- **SUPPLIED DATA**
----

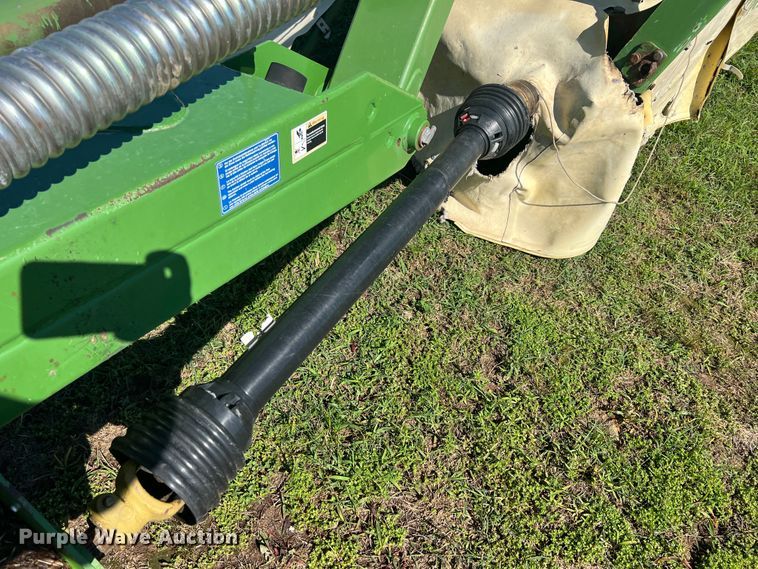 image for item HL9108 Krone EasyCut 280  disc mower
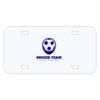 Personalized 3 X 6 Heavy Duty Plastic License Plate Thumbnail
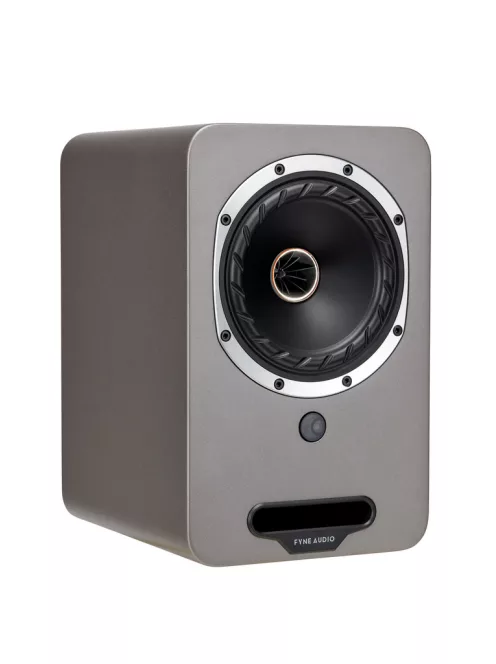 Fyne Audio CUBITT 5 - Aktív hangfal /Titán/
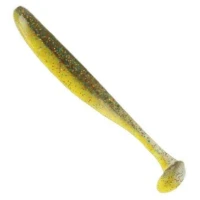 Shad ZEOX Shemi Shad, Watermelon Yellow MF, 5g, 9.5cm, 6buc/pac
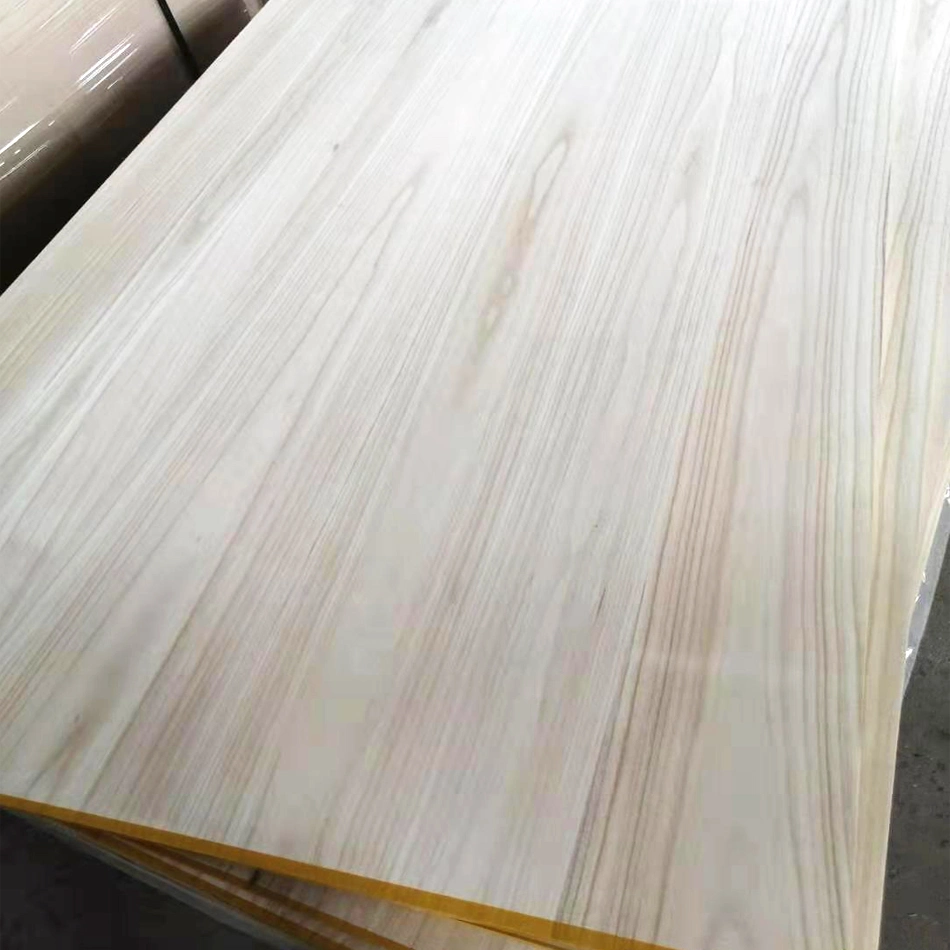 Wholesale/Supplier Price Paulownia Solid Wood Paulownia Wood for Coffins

----

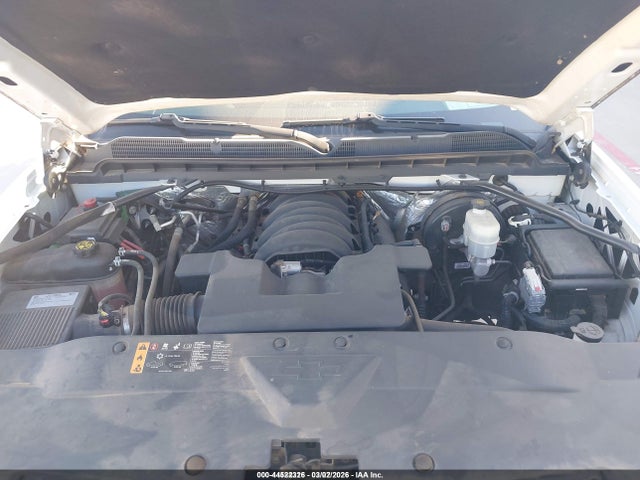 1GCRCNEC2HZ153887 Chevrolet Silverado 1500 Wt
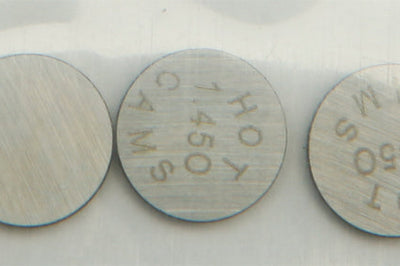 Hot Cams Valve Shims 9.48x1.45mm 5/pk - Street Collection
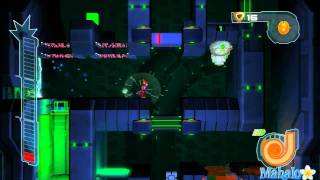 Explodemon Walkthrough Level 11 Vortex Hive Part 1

----

- **WHAT TO WORK ON**
Start with the line with "image for item" in the listing above and stop after the line with "Wholesale/Supplier Price Paulownia". Write out exactly the lines in that stretch and no others, without pictures.

- **ANSWER TO THIS TASK**
 image for item HL9108 Krone EasyCut 280  disc mower
 Personalized 3 X 6 Heavy Duty Plastic License Plate Thumbnail
 Fyne Audio CUBITT 5 - Aktív hangfal /Titán/
 Shad ZEOX Shemi Shad, Watermelon Yellow MF, 5g, 9.5cm, 6buc/pac
 Wholesale/Supplier Price Paulownia Solid Wood Paulownia Wood for Coffins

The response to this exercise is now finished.